東北地方のある所、桜が満開の春のころ、独り暮らしの美しい娘”ちか”がおりました。
侍医を連れた殿様は娘に一目惚れ、城に上がれと誘いますが、娘は既に許嫁がいると断ってしまいます。
それから9年後の桜のころ、再び殿様が”ちか”の家を訪れます。”ちか”は大工の権ずと所帯を持ち、”れい”という名の幼い娘を持っていましたが、権ずは胸の病で8年も寝たきりに生活。そこで殿様は医者のふりをして無理やり診察し、権ずは病気ではないと偽り二人を喜ばせます。二人が去ったあと家来が現れ、医者は偽物、病人の家を訪れては病気ではないと言いふらしていると注意してゆきます。

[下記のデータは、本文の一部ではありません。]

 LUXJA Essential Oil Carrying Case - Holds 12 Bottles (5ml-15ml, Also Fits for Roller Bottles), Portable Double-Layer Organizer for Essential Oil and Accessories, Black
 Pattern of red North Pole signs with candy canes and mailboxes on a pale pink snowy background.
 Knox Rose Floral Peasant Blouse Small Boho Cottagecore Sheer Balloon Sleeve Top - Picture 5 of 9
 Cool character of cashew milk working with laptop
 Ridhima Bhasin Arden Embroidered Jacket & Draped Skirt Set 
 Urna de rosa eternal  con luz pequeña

再び悲しみにくれる夫婦。
それから9年後の桜のころ、壮年に達した殿様と老いた侍医が”ちか”の家を訪れますが、そこには成人した”れい”が独り暮らし・・・。
作家が存命中は自らの意思で作品の公開や上演を決められるが、亡くなると遺族がその判断をすることになる。この作品ももしかして、井上には上演する気が無かったかも知れないのでは、そう思った。
若い頃に書かれたもので、内容は民話風。プロの作家になってからの井上ひさしの一連の作品とはかなり異質なものだ。

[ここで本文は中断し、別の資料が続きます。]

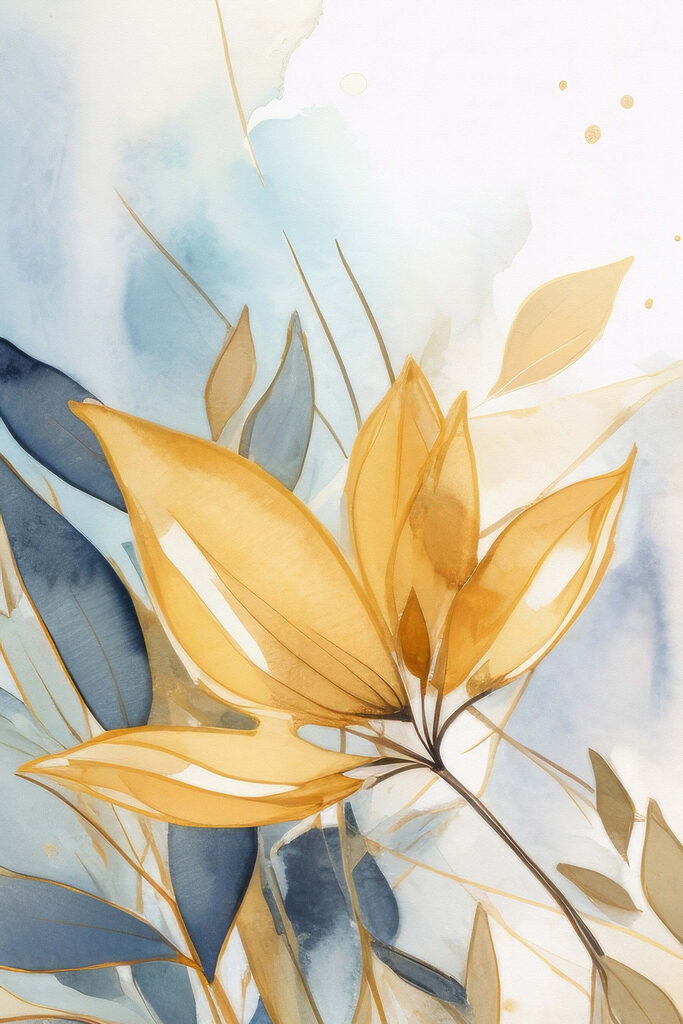 Yellow and blue leaves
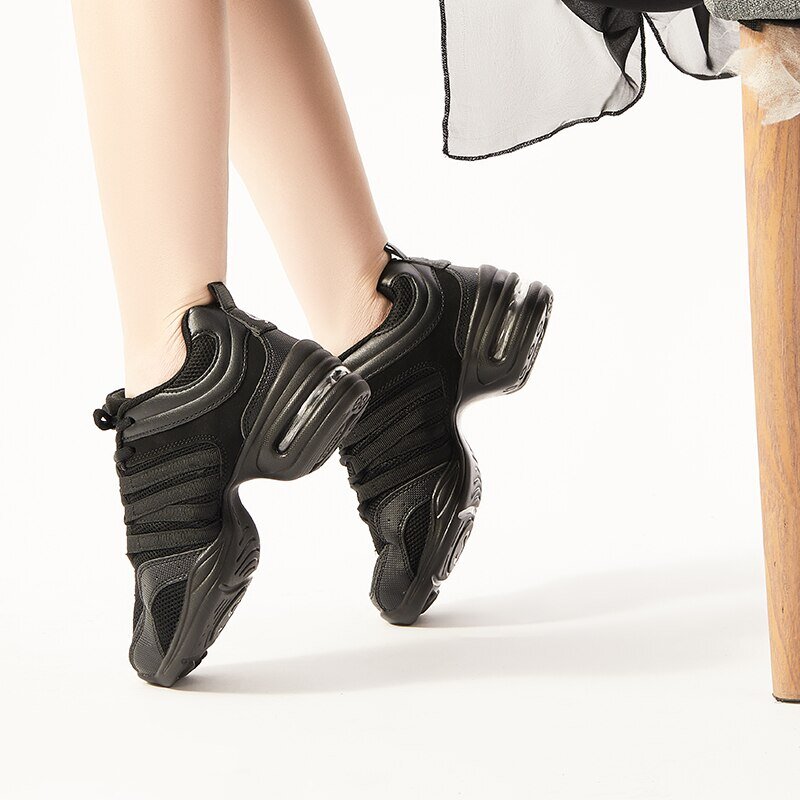Zapatos de baile de tela de malla transpirable para mujer, zapatos de Jazz de suela suave negra, zapatos de baile cuadrados de Salsa, zapatos de baile modernos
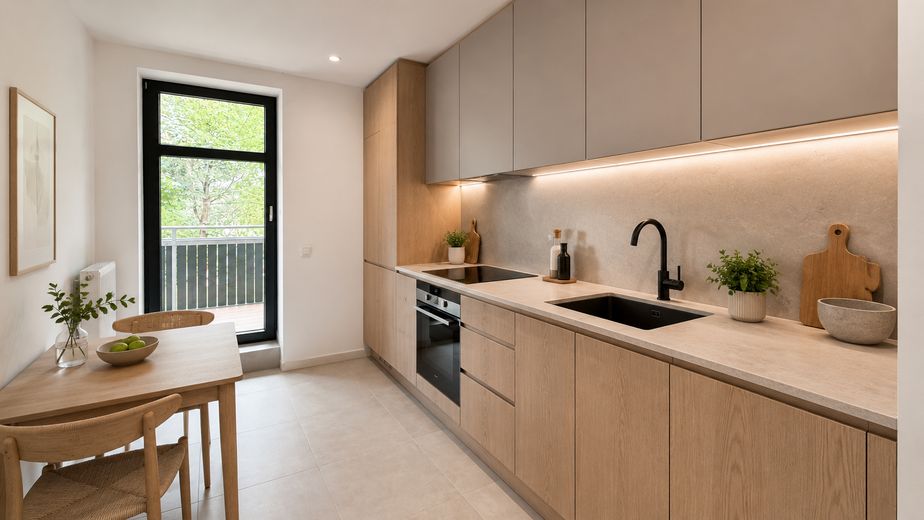 *Recently modernized: 2-room period apartment in Leipzig Stötteritz | Commission-free | 4% yield + 4.25% depreciation allowance* – Küche (eingerichtet)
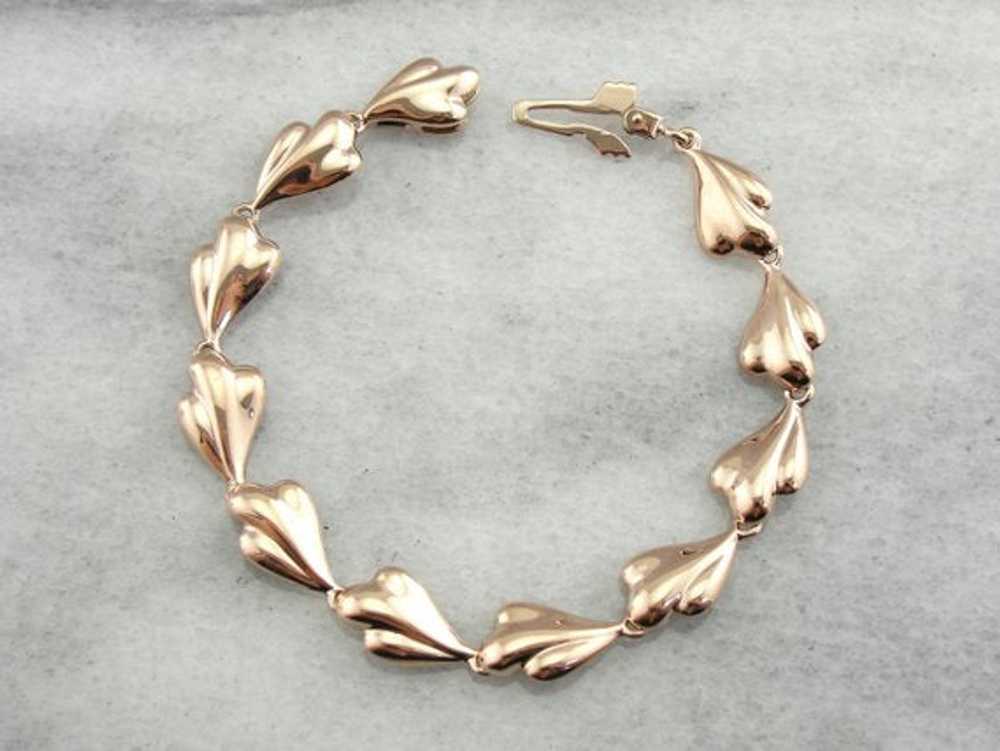 Vintage Rose Gold Bracelet with Polished Leaf The… - image 1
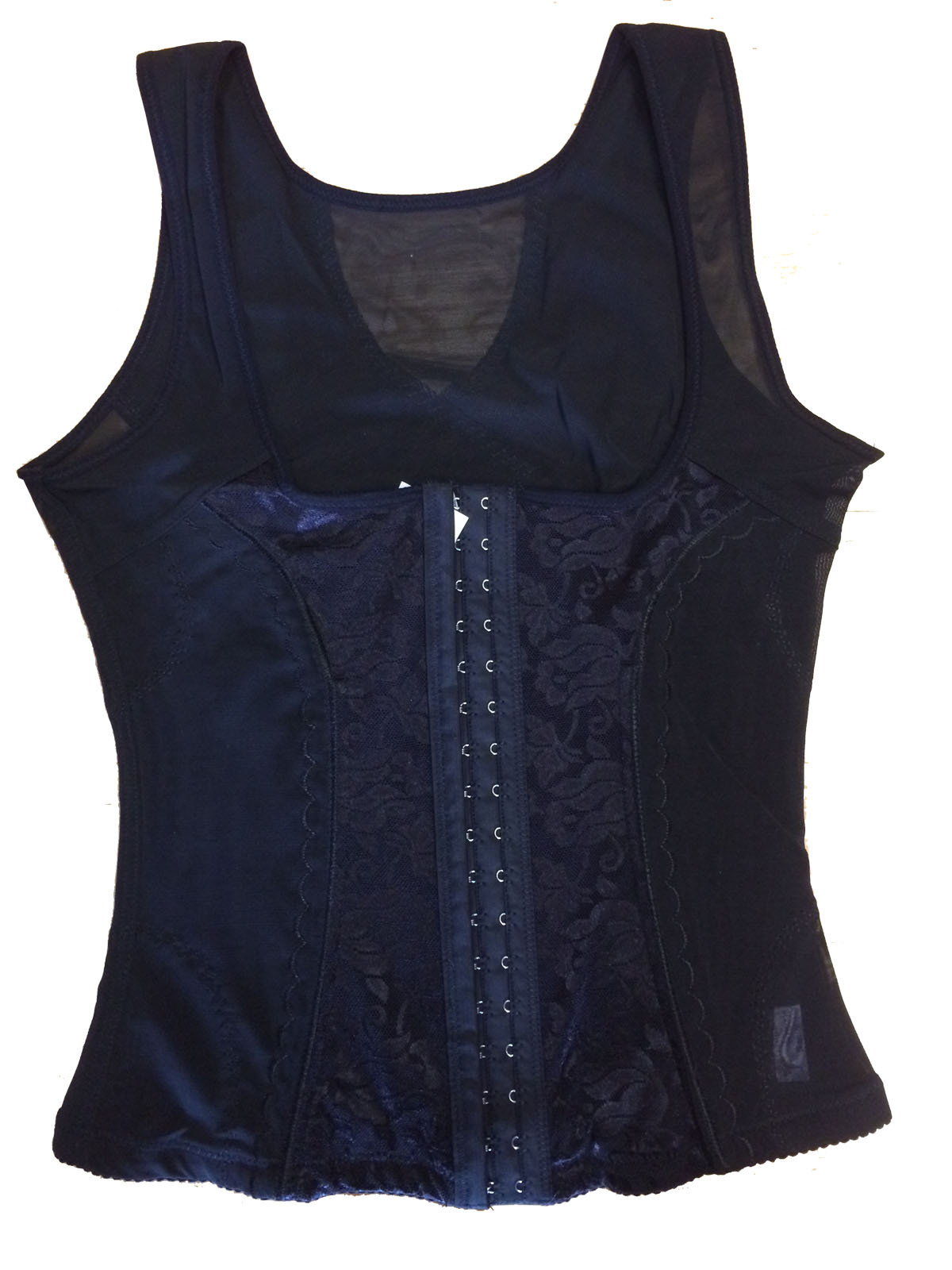 WOMEN SHAPER SLIMMING VEST TUMMY WAIST CINCHER CONTROL HOOK LACE FRONT 2092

その後の作品への萌芽が感じられるという見方があるが、それは井上ひさしに対する研究者レベルの話だろう。
また作品が東北地方の農村を象徴的に描いているという解説もなされているが、一般の観客はそこまで深読みするだろうか。
むしろ、今までのような井上作品を期待して足を運んだ観客にとっては、唐突の印象を免れないのではなかろうか。
こまつ座が本作品を敢えて上演した意図が、少なくとも私には理解できなかった。
出演者は相変わらずしっかりした演技を見せていたが、時々セリフの間でオヤッと感じることが何度かあった。作品のせいなのか、演者の問題なのかは分からないが。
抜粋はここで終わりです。